Auf der Merz Schule waren Schauspielerin Nina Hoss und Kabarettist Mathias Richling

Die im Albrecht-Leo-Merz-Weg in der Nähe des Frauenkopfs gelegene Merz-Schule steht bis heute für Disziplin, Sportgeist und Streitkultur und hat mitgeholfen, dass vielen Schulabgängern – wie etwa der Schauspielerin Nina Hoss und dem Kabarettisten Mathias Richling – eine beeindruckende berufliche Karriere gelungen ist. Die Schule hat sich eine ganzheitliche Erziehung auf die Fahne geschrieben: „Ein wesentliches Element dafür bildet das Zusammenwirken des Wissenschaftlichen, Künstlerischen, Sportlichen und Handwerklichen“, lautet einer ihrer Grundsätze.

Der Vater von Volker Merz, Albrecht Leo Merz, hatte die nach ihm benannte Schule im Jahr 1918 gegründet. Er galt als „schwäbischer Pestalozzi“. „Zur Reformpädagogik meines Vaters gehören die zwei maßgeblichen Begriffe Erkennen und Gestalten“, sagte Volker Merz einmal, „sie bedeuten eine Verknüpfung zwischen theoretischer und praktischer Intelligenz.“ Diese Methode ermögliche es, sich für neue Entwicklungen zu öffnen.

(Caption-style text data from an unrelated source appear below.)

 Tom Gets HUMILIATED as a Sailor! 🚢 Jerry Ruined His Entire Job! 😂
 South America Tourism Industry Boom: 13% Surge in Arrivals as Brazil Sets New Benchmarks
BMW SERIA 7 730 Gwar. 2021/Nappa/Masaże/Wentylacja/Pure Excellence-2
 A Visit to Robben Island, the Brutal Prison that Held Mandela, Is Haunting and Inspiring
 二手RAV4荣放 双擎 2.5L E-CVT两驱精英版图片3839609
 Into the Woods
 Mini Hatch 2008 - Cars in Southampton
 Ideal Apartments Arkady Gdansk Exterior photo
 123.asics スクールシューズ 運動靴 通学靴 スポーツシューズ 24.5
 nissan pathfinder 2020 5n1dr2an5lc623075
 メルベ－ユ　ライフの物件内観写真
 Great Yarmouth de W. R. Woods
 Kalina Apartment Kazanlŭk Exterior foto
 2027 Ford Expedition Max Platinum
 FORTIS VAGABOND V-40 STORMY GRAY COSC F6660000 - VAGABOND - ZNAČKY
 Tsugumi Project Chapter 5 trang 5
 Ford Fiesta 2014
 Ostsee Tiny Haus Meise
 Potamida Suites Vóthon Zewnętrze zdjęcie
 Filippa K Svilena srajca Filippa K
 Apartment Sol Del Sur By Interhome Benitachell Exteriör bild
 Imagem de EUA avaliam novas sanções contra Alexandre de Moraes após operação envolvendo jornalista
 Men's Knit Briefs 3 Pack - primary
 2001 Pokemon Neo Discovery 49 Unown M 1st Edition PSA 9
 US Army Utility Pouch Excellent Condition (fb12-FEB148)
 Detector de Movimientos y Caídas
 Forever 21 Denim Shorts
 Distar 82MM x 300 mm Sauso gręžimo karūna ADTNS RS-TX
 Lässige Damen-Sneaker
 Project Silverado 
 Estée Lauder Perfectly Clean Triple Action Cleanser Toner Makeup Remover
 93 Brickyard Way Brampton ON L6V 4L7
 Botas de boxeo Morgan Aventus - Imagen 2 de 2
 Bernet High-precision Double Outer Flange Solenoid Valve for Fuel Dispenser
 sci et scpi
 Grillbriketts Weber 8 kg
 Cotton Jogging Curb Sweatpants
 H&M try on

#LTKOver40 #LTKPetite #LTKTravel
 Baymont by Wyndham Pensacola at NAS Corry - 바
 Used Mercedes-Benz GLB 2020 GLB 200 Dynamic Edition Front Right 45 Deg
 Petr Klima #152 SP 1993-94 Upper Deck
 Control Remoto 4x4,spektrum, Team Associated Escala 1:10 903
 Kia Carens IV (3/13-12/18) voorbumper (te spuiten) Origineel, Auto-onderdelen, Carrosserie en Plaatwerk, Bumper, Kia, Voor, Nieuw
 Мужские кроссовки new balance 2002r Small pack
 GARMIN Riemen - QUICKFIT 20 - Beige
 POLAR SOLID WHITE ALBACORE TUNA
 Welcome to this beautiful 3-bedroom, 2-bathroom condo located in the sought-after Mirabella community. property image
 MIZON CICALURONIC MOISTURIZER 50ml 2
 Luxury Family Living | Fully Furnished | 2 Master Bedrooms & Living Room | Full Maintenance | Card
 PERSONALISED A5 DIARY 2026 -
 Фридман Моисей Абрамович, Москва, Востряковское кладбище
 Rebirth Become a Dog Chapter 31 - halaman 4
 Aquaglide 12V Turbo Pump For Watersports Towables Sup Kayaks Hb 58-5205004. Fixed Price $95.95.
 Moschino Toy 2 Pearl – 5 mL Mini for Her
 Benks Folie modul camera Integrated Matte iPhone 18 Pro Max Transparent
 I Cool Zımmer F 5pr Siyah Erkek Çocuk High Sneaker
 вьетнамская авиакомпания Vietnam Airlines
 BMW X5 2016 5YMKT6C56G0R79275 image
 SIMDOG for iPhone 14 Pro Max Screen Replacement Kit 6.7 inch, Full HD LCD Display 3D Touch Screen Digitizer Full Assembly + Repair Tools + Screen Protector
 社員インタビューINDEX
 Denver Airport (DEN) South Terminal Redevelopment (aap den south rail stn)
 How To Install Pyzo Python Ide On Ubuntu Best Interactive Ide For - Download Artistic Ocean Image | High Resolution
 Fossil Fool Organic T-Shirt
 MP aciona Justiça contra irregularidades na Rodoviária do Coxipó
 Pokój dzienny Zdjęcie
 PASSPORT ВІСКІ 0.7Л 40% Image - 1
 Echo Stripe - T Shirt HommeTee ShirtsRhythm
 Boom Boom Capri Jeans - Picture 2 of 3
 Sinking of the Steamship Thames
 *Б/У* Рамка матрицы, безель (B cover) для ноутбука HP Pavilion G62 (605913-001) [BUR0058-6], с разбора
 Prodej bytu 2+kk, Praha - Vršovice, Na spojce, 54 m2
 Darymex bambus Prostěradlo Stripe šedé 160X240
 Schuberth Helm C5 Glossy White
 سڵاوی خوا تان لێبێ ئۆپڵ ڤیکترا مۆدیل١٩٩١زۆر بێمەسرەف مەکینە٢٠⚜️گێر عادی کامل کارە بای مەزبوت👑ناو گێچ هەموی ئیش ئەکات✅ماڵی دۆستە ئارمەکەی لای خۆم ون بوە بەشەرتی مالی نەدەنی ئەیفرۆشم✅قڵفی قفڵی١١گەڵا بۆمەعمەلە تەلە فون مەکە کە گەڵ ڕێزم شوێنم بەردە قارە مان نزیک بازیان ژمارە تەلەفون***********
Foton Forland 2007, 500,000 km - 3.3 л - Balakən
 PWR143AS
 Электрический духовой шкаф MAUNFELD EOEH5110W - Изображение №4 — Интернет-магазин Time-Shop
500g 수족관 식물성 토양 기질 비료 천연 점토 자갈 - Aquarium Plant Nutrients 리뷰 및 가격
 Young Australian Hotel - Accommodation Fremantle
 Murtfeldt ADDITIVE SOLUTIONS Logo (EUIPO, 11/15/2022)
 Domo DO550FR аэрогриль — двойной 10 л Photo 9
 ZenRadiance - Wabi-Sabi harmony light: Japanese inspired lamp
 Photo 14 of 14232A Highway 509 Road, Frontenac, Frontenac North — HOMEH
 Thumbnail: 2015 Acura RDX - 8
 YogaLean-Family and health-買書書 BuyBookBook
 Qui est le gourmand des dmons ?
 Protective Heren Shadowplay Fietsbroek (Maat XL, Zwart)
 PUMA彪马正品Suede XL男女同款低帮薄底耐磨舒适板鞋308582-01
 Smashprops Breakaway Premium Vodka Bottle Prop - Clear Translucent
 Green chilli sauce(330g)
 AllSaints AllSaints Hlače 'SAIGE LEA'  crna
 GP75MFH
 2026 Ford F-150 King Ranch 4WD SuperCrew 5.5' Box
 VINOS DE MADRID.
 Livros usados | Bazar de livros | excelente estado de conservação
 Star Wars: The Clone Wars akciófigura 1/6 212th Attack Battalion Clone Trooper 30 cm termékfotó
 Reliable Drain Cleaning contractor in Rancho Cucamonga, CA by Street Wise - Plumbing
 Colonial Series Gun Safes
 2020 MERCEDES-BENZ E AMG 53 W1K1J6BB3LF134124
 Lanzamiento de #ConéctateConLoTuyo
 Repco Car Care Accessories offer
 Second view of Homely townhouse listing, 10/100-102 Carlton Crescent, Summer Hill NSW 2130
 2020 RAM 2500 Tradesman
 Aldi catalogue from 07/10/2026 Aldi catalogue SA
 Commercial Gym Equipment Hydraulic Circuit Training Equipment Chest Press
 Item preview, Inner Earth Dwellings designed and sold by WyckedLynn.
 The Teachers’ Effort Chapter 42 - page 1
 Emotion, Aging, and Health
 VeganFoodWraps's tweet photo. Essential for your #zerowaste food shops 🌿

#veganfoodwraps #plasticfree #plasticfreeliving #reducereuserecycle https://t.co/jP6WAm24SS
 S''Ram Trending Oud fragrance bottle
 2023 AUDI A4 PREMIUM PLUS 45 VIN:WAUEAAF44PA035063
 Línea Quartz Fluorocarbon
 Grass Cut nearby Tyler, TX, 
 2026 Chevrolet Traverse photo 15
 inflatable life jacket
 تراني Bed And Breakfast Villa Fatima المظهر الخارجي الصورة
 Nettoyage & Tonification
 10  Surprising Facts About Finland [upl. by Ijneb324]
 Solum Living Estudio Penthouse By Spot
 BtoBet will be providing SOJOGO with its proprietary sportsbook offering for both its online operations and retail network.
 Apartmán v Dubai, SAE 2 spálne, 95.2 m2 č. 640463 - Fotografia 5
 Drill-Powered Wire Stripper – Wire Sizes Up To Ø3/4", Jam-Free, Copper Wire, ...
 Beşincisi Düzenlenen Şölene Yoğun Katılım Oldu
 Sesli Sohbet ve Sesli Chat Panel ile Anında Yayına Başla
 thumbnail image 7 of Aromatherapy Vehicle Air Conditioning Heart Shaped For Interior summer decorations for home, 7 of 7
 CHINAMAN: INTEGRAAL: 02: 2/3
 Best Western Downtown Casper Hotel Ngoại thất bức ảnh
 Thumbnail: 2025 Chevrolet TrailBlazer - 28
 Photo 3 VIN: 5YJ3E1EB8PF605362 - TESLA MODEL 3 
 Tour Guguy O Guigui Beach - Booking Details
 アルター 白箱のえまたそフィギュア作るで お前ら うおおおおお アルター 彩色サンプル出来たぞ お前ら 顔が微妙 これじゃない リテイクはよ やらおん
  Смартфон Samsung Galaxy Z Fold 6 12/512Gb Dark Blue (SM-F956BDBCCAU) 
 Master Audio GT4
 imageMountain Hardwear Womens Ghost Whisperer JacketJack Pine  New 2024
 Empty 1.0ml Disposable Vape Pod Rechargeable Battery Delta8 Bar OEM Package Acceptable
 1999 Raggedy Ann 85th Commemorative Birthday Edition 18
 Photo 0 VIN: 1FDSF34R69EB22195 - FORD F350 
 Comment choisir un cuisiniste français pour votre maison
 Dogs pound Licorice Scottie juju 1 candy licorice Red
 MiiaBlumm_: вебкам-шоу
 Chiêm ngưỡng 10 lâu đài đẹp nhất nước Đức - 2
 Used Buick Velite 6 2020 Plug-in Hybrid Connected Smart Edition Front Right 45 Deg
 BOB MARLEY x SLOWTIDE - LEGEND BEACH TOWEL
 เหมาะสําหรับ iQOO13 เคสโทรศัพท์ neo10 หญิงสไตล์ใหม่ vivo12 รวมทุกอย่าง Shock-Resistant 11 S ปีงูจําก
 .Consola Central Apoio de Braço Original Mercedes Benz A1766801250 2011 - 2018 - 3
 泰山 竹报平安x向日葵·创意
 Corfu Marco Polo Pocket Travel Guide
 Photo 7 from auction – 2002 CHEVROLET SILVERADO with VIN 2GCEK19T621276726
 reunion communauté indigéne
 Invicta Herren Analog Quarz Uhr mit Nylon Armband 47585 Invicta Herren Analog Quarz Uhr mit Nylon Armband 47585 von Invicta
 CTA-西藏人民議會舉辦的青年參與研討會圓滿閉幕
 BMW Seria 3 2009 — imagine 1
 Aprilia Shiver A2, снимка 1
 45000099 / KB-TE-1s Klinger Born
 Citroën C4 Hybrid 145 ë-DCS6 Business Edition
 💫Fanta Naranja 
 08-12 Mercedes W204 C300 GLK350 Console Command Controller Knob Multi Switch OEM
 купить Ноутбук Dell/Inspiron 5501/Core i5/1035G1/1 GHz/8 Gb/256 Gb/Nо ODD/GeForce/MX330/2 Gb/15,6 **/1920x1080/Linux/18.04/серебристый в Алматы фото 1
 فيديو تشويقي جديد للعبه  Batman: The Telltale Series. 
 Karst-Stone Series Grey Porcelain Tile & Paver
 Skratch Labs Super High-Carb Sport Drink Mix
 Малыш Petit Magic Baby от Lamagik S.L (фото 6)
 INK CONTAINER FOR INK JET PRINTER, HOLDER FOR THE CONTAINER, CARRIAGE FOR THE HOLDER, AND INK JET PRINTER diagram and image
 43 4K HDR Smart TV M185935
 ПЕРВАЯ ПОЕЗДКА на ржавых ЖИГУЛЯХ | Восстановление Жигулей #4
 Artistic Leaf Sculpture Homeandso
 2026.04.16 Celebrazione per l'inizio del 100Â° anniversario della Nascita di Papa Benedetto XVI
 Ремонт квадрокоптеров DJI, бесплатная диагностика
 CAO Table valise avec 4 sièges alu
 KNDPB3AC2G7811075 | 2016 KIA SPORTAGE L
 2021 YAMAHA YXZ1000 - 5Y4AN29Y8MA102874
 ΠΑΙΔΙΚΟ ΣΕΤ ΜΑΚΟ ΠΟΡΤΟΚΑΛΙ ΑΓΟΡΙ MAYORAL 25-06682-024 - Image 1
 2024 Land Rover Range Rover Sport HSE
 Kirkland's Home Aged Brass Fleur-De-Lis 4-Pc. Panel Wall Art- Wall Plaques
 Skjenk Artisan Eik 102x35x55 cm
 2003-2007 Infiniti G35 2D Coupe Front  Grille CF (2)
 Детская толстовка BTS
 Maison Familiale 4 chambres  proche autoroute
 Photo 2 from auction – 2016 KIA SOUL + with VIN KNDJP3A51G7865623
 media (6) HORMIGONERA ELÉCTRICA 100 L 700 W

Auch Günther Oettinger würdigt den Verstorbenen

Im Eiskunst- und Eisschnelllauf gehörte Volker Merz in jungen Jahren zu den Besten. 1954 wurde er in die Feldhockey-Nationalmannschaft berufen, erlitt dort aber im selben Jahr noch so schwere Wirbelverletzungen, dass er den Spitzensport aufgeben musste. Bis ins hohe Alter war er ein treuer Fan der Stuttgarter Kickers.

Günther Oettinger, dessen Sohn die Merz-Grundschule und zwei Jahre das Merz-Gymnasium besuchte, würdigte Volker Merz am Wochenende als „liberale Persönlichkeit und klugen Ratgeber“. Der frühere Ministerpräsident und EU-Kommissar sagte unserer Zeitung: „Ich kannte ihn gut und habe ihn sehr geschätzt. Er hatte ein Herz für Kinder und für Stuttgart.“ Merz sei zeitlebens stark an gesellschaftspolitischen Themen interessiert gewesen. „Er hatte eine klare Meinung, war aber nicht dominant.“ Gemeinsam mit seiner Frau Christa – „eine tolle Frau!“ – habe Volker Merz das Privatschulwesen im Raum Stuttgart geprägt: „Auch im Ruhestand war er ,Mister Merz-Schule’“.

„Seine Toleranz hat mir sehr geholfen“, sagt die Schwulen-Wirtin

Gute Erinnerungen hat Oettinger an gemeinsame Treffen mit Volker Merz und dem 2015 verstorbenen früheren Finanz- und Kultusminister Gerhard Mayer-Vorfelder. Die beiden seien gut befreundet gewesen – bei allem, was sie trennte: Merz war ein Liberaler, MV ein Konservativer. Merz war leidenschaftlicher „Blauer“, der sich in den Kickers-Gremien engagierte, der VfB-Präsident bekanntlich ein „Roter“. „Sie haben sich trotzdem sehr gemocht“, sagt Oettinger. „Es waren schöne Gespräche.“

Zahlreiche Beileidsbekundungen zeigen, wie beliebt Volker Merz war. „Seine Toleranz hat mir sehr geholfen“, sagt etwa Stadträtin Laura Halding-Hoppenheit. Als sie mit ihrem Schwulenlokal Kings Club in den 1970ern diskriminiert worden sei, habe die Familie Merz ihr und ihren Kindern aktiv geholfen. Daraus sei eine „herzliche Freundschaft fürs Leben“ entstanden.